At the peak of construction, around 400 unskilled labourers toiled here each day. With the project – delayed for a time by the Anglo-Boer war – stretching over six years, it wasn’t long before a choir, football team and even a mandolin band were formed to entertain workers after a day at the rock face.

It’s a history easily discovered in the small Waterworks Museum at the northern end of the Hely Hutchinson wall. Opened each day by the dam-keepers on their morning rounds to check the water levels, the steam engine that never made it back down the mountain takes pride of place. Along the walls, antique instruments – from cast-iron tools to delicate brass Venturi meters – quietly collect dust; exquisite artworks of a mechanical age.

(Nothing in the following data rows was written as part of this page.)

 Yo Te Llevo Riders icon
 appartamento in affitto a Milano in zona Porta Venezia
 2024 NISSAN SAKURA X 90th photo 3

The steam-driven crane is put outside to rust away under the mountain’s famous tablecloth, while stone plaques hailing the likes of Sir John quietly weather in peace. Fading photographs and photocopied records tell the tales of the sweat and ingenuity that managed to craft dams on a mountaintop. They’re stories that should be told and admired, but are instead all but forgotten by the citizens below. Perhaps not unlike the dams themselves; dams that saved a thirsty city from its own success.